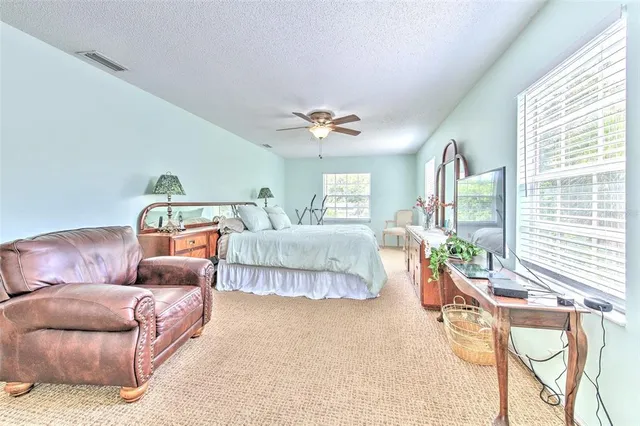 a bathroom with a tub a sink and a large mirror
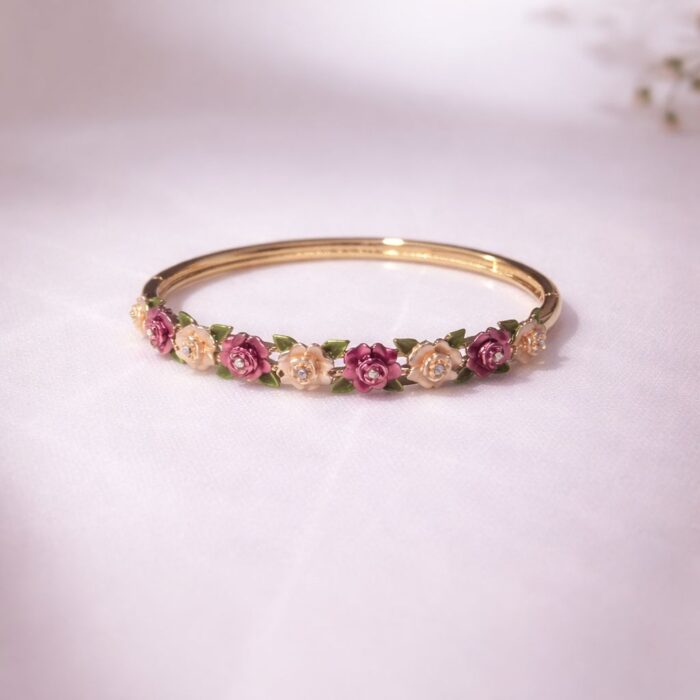 A timeless keepsake for the modern romantic Embrace the charm of a bygone era with The Heirloom Rose bangle.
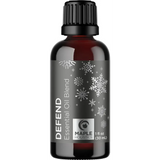 Dark amber essential oil bottle with snowflake design and Defend Essential Oil Blend label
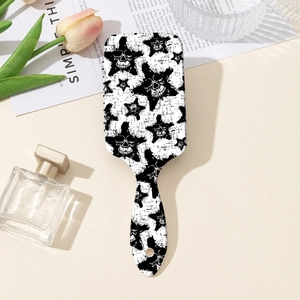 Detail of ergonomic paddle hair brush featuring a gothic black and white skull star pattern
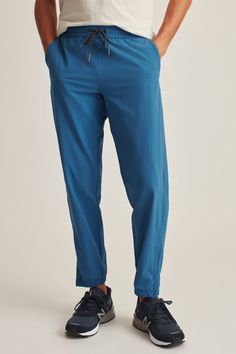 The Crossover Jogger Sweatpants | Bonobos | Bonobos Blue Recycled Polyester Sports Bottoms, Sporty Comfort Stretch Activewear For Outdoor, Functional Outdoor Bottoms With Drawstring, Sporty Nylon Pants With Drawstring, Athleisure Outdoor Pants With Drawstring, Casual Activewear With Comfort Stretch For Outdoor Activities, Sporty Pants With Elastic Waistband In Recycled Polyester, Functional Outdoor Activewear With Elastic Waistband, Versatile Recycled Polyester Bottoms With Pockets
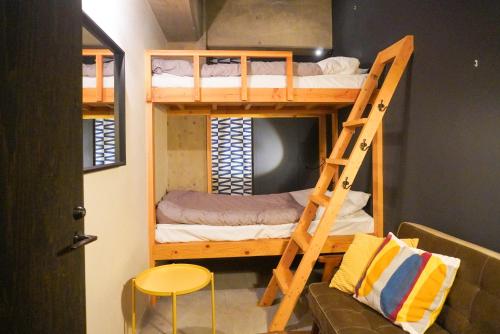 京都新闻间旅馆的客房设有带梯子和沙发的双层床。
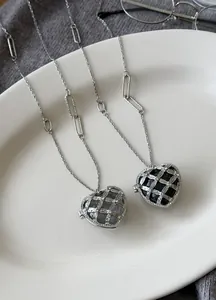 Vue détaillée de colliers en acrylique en forme de cœur avec cages argentées et diamants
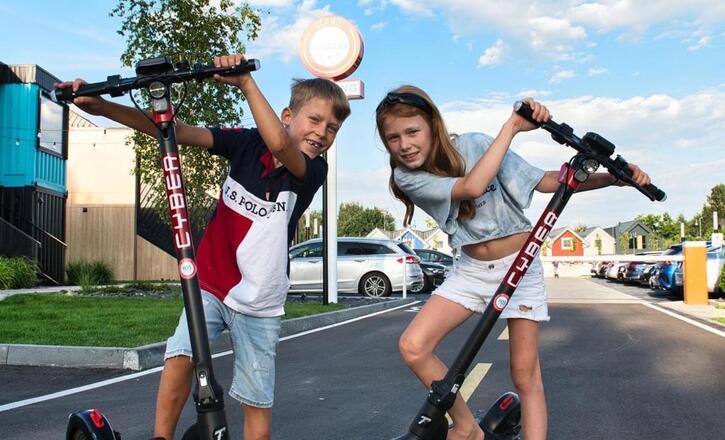 Two children riding electric scooters in a parking area with modern low-rise lodges and parked cars, smiling and leaning toward the camera.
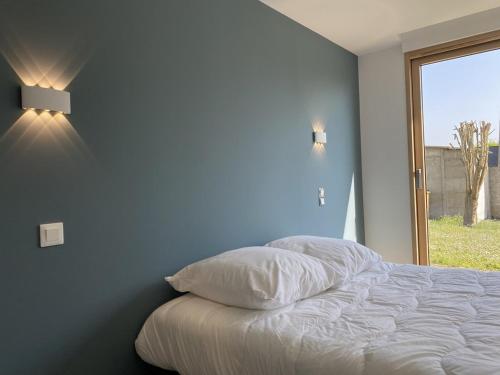 une chambre avec un lit blanc et une fenêtre dans l'établissement 608 - Maison deux chambres entièrement rénovée à quelques pas de la plage et du centre, à Erquy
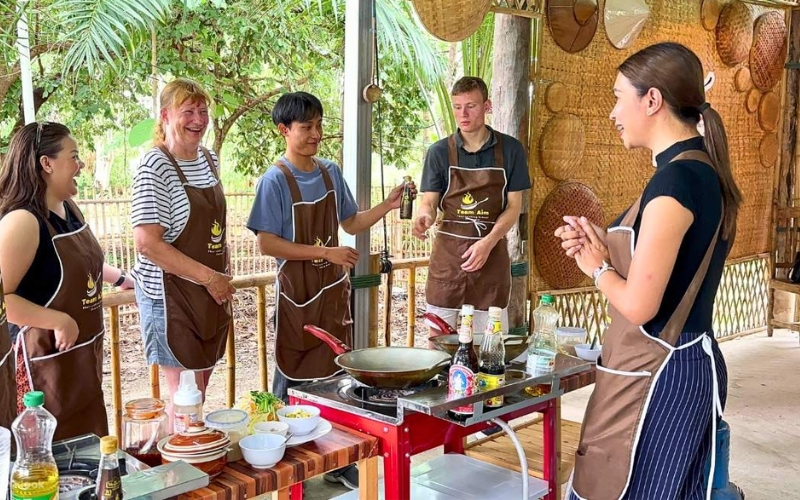 A group of five people, including a cooking instructor, participating in a Thai cooking class held in an open-air, rustic kitchen setting. Participants are wearing brown aprons and standing around a small cooking station with woks and ingredients. The instructor on the right is addressing the group, who are preparing to cook their dishes.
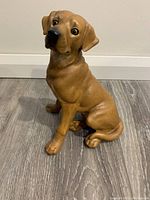 Front view of brown Labrador dog figurine sitting on floor with detailed fur texture and expressive eyes.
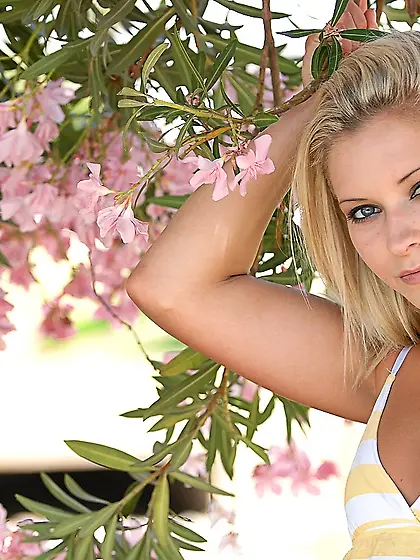 Cute blond babe,  Lena Biddle gets off her yellow stripped white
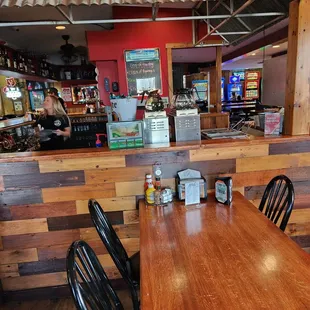 a wooden table and chairs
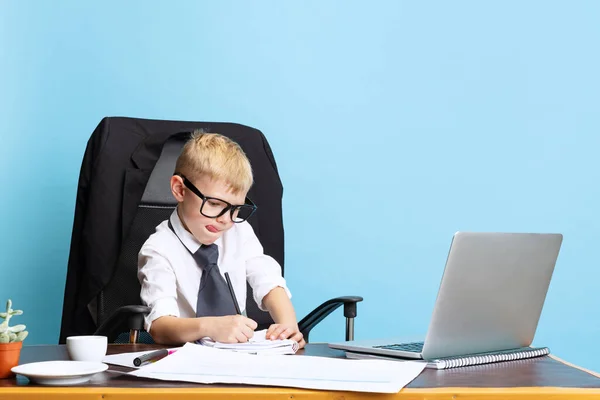 Een kleine jongen, een kinderzakenman zit aan een kantoortafel geïsoleerd op een blauwe studioachtergrond. Concept van slimme kindertijd — Stockfoto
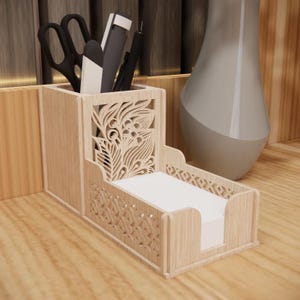 Op de afbeelding: Een lichtgekleurde houten bureau-organizer met een bloemenuitsparing. De organizer heeft vakken voor pennen, scharen en notitiepapier. Een grijze vaas staat op de achtergrond.
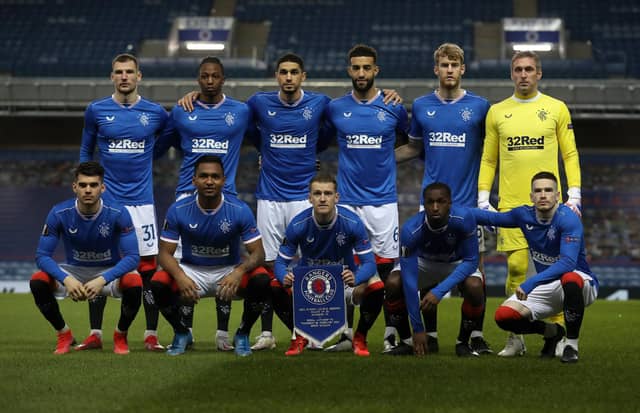 Rangers pose for a team photo ahead of the UEFA Europa League Round of 32 match between Rangers FC and Royal Antwerp FC at Ibrox Stadium on February 25, 2021. (Photo by Ian MacNicol/Getty Images)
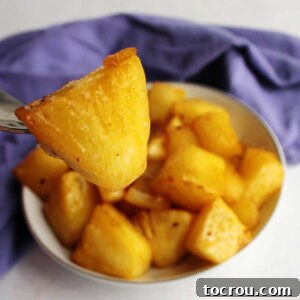 Chunk of air fried pineapple coated in butter and brown sugar on fork, ready to eat.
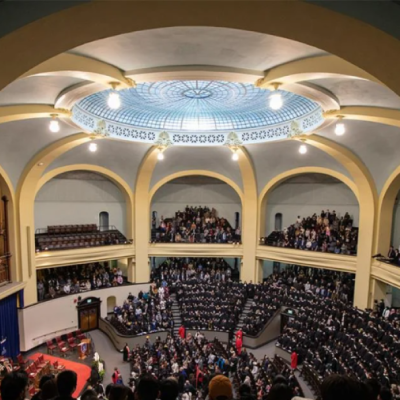 Interior of a large circular auditorium with an intricate skylight, balconies for seating, a large organ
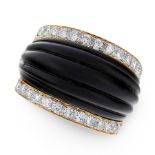 A VINTAGE ONYX AND DIAMOND RING in 18ct yellow gold, the tapering band set with a reeded carved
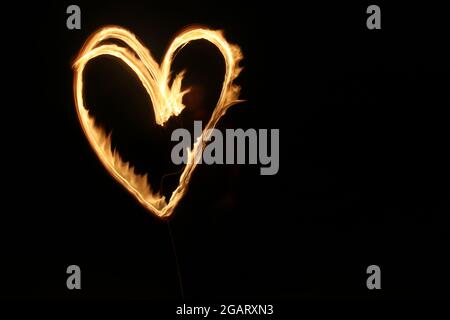 Un cuore sul fuoco Foto Stock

----------------

• _EXERCISE INSTRUCTIONS_
Apart from the pictures, return the records exactly.

• _WRITTEN SOLUTION_
 a bathroom with a tub a sink and a large mirror
 A timeless keepsake for the modern romantic Embrace the charm of a bygone era with The Heirloom Rose bangle.
 Dark amber essential oil bottle with snowflake design and Defend Essential Oil Blend label
 Detail of ergonomic paddle hair brush featuring a gothic black and white skull star pattern
 The Crossover Jogger Sweatpants | Bonobos | Bonobos Blue Recycled Polyester Sports Bottoms, Sporty Comfort Stretch Activewear For Outdoor, Functional Outdoor Bottoms With Drawstring, Sporty Nylon Pants With Drawstring, Athleisure Outdoor Pants With Drawstring, Casual Activewear With Comfort Stretch For Outdoor Activities, Sporty Pants With Elastic Waistband In Recycled Polyester, Functional Outdoor Activewear With Elastic Waistband, Versatile Recycled Polyester Bottoms With Pockets
 京都新闻间旅馆的客房设有带梯子和沙发的双层床。
 Vue détaillée de colliers en acrylique en forme de cœur avec cages argentées et diamants
 Two children riding electric scooters in a parking area with modern low-rise lodges and parked cars, smiling and leaning toward the camera.
 une chambre avec un lit blanc et une fenêtre dans l'établissement 608 - Maison deux chambres entièrement rénovée à quelques pas de la plage et du centre, à Erquy
 A group of five people, including a cooking instructor, participating in a Thai cooking class held in an open-air, rustic kitchen setting. Participants are wearing brown aprons and standing around a small cooking station with woks and ingredients. The instructor on the right is addressing the group, who are preparing to cook their dishes.
 Front view of brown Labrador dog figurine sitting on floor with detailed fur texture and expressive eyes.
 Cute blond babe,  Lena Biddle gets off her yellow stripped white
 a wooden table and chairs
 Een kleine jongen, een kinderzakenman zit aan een kantoortafel geïsoleerd op een blauwe studioachtergrond. Concept van slimme kindertijd — Stockfoto
 Op de afbeelding: Een lichtgekleurde houten bureau-organizer met een bloemenuitsparing. De organizer heeft vakken voor pennen, scharen en notitiepapier. Een grijze vaas staat op de achtergrond.
 Rangers pose for a team photo ahead of the UEFA Europa League Round of 32 match between Rangers FC and Royal Antwerp FC at Ibrox Stadium on February 25, 2021. (Photo by Ian MacNicol/Getty Images)
 Chunk of air fried pineapple coated in butter and brown sugar on fork, ready to eat.
 Interior of a large circular auditorium with an intricate skylight, balconies for seating, a large organ
 A VINTAGE ONYX AND DIAMOND RING in 18ct yellow gold, the tapering band set with a reeded carved
 Un cuore sul fuoco Foto Stock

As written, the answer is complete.